Questa mattina sit in davanti l’Ostello della Gioventù, sul quale da qualche tempo si registra l’opera di sensibilizzazione dei due consiglieri circoscrizionali di Progetto Siracusa, Claudio Marino e Cettina Pastore. “Questa struttura, completata due anni fà, – afferma Marino – non può rimanere in stato di abbandono dopo che sono stati spesi 1 milione 870.000 euro. L’ex Provincia, proprietaria dell’immobile, deve decidere cosa farne al più presto. E’ evidente – continua – che bisogna in un modo o nell’altro, metterla a reddito anche per creare nuova occupazione”. Le soluzioni prospettate sono tre: la struttura potrebbe essere gestita direttamente dalla ex Provincia, potrebbe essere affidata con un bando a terzi o potrebbe essere venduta. In tutti e tre i casi, in breve, l’Ostello potrebbe diventare operativo come unità ricettiva destinata ai giovani. “Già tre anni fà – ricorda Cettina Pastore – è stata accolta la proposta, poi inserita come clausola-condizione, di destinare il 50% dei posti di lavoro che andrebbero a crearsi ai giovani di Belvedere. L’anno scorso dalla Provincia ci fecero sapere che stavano preparando un bando – conclude la Pastore – ma stiamo ancora aspettando”.

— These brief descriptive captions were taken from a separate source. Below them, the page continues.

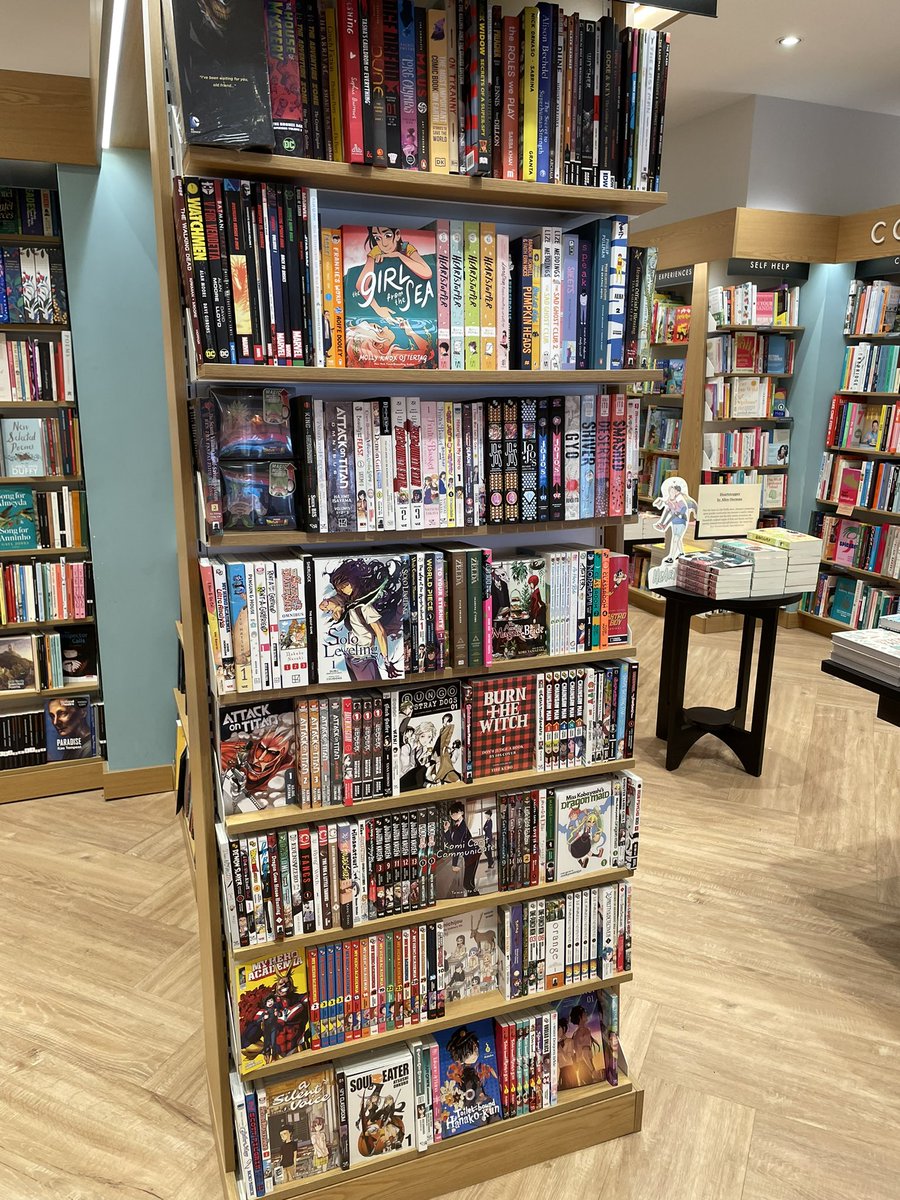 We have been busy at work trying to expand our Manga and Graphic Novel section and it now finally finished! 

So please come in and have a browse of all the new Manga and Graphic Novels we have in store! 

Can you recommend any good Manga and Graphic Novels we can add?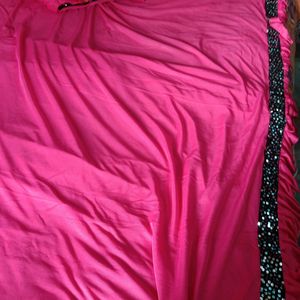 Pre-plit Pallu Pink Saree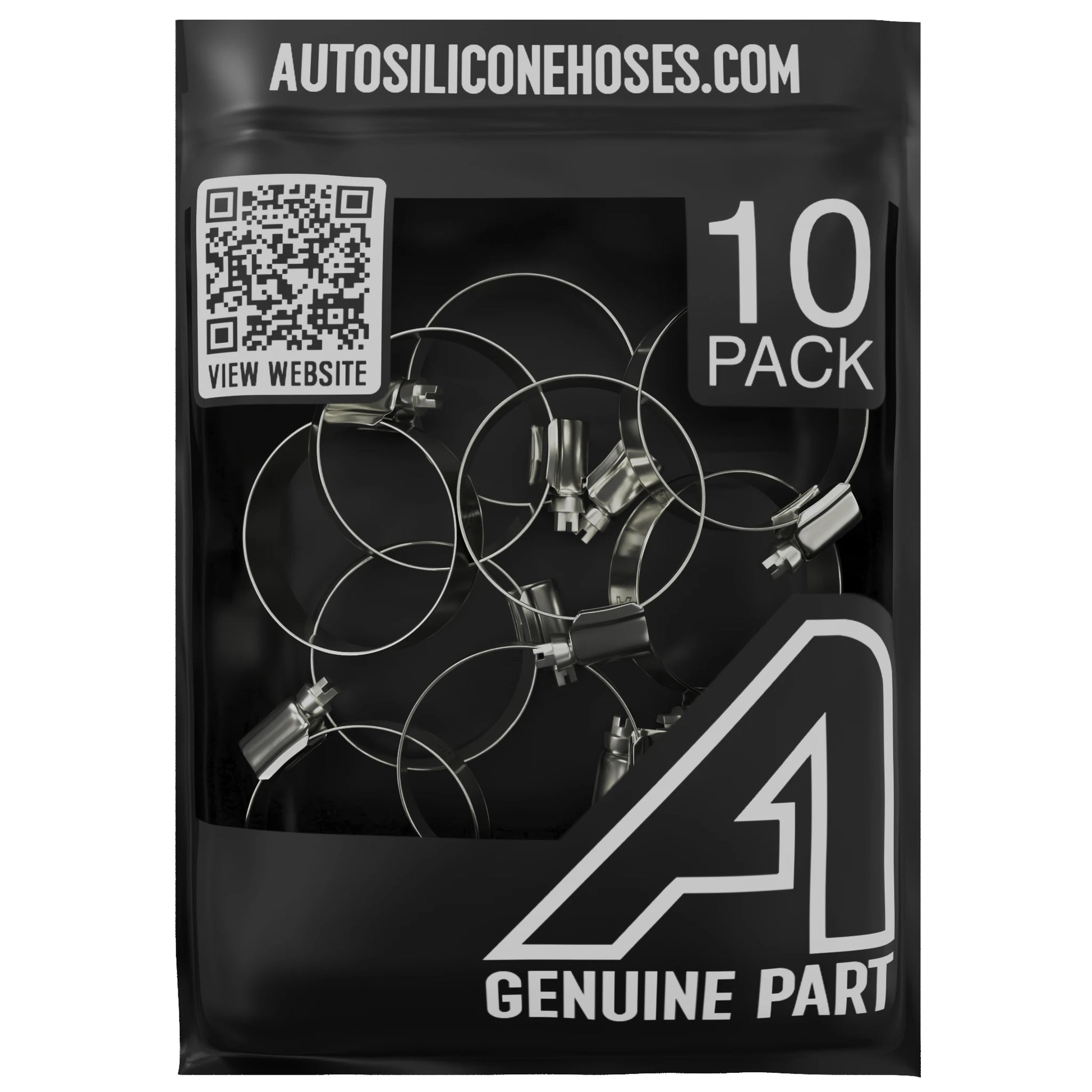 Worm Drive Hose Clip - 10 Pack Motor Vehicle Engine Parts Auto Silicone Hoses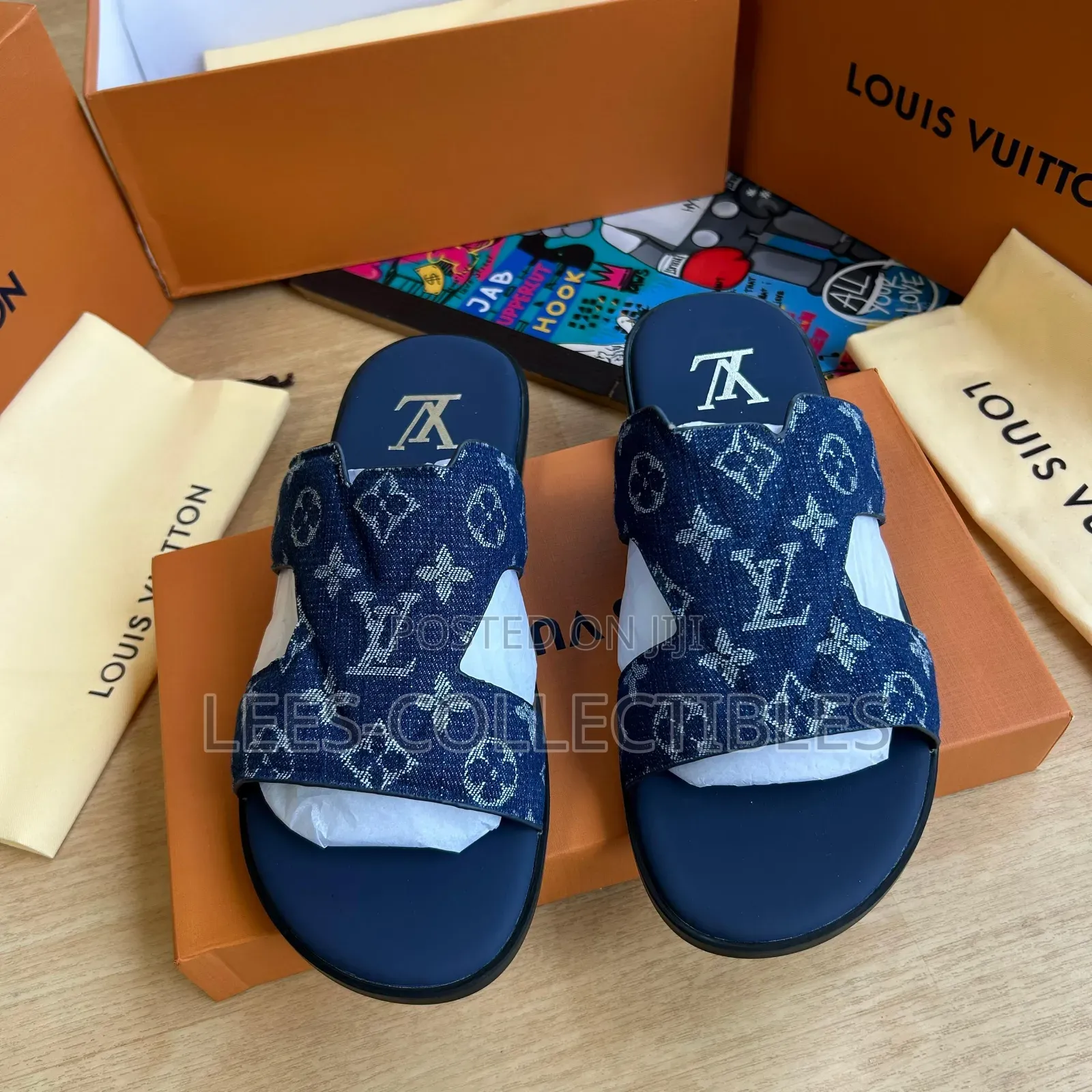 Quality Louis Vuitton Flat Slippers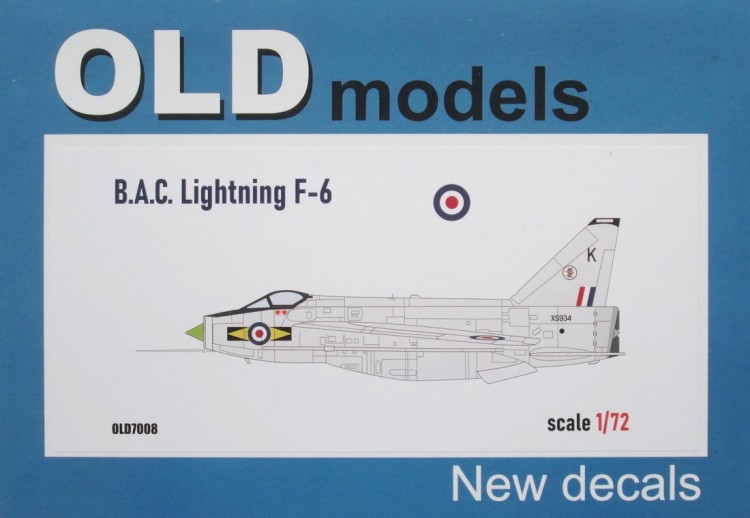 Sabre Kits SBK-OLD7008 BAC/EE Lighting F.6 (RAF) ex-Frog/Novo, new decals 1/72
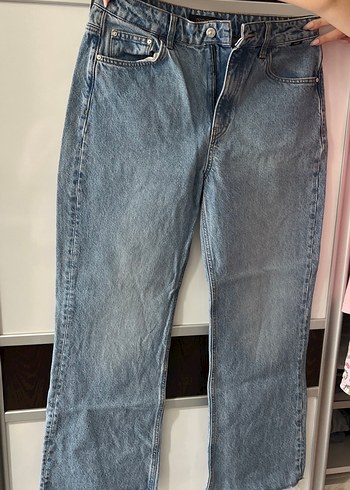 Mavi Normal Boy Kadın Denim Pantolon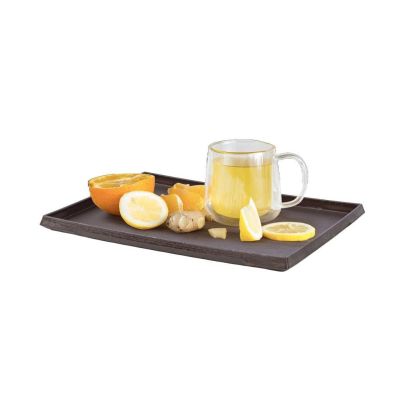 Khay chữ nhật vân gỗ Hàn Quốc nhựa VIỆT NHẬT 5708 - Đựng đồ ăn, phục vụ hàng quán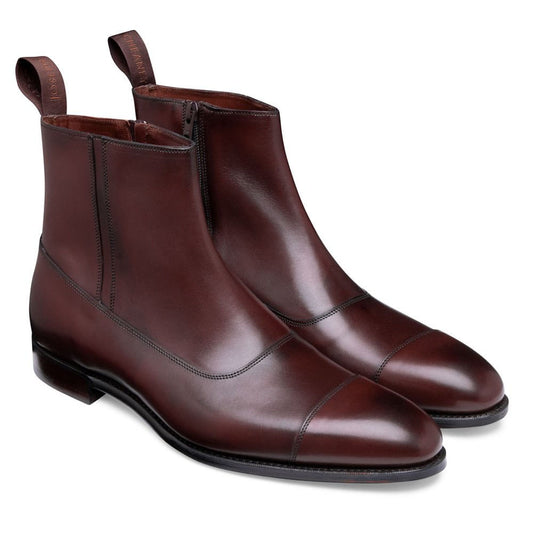 Gary Burgundy Lace Up Boot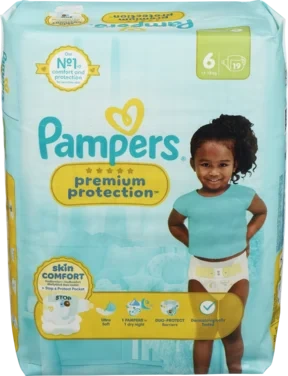 Pampers Bleier Prem Prot S6 13-18kg 19stk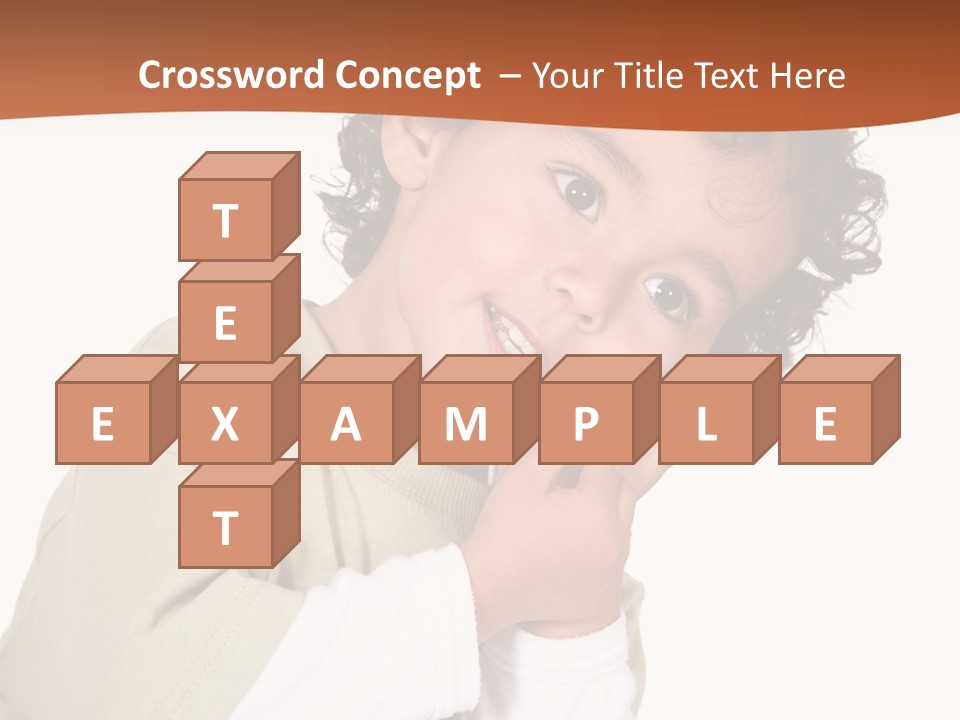 Lying Confident Toddler PowerPoint Template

“Non riusciamo a capire le ragioni di questo disinteresse nei confronti dell’intera circoscrizione di Belvedere – allarga il discorso Ezechia Paolo Reale, leader di Progetto Siracusa – non si prende in considerazione per esempio che poco distante da qui c’è il Castello Eurialo. Nessuno si è preso la briga di cercare delle soluzioni per regolamentare gli accessi, di prevedere dei parcheggi, soprattutto per le scolaresche che vengono in visita, o di valorizzare gli altri siti di interesse storico che si trovano nella circoscrizione. Belvedere potrebbe decollare, anche grazie al turismo e invece – conclude – nessuno se ne occupa”.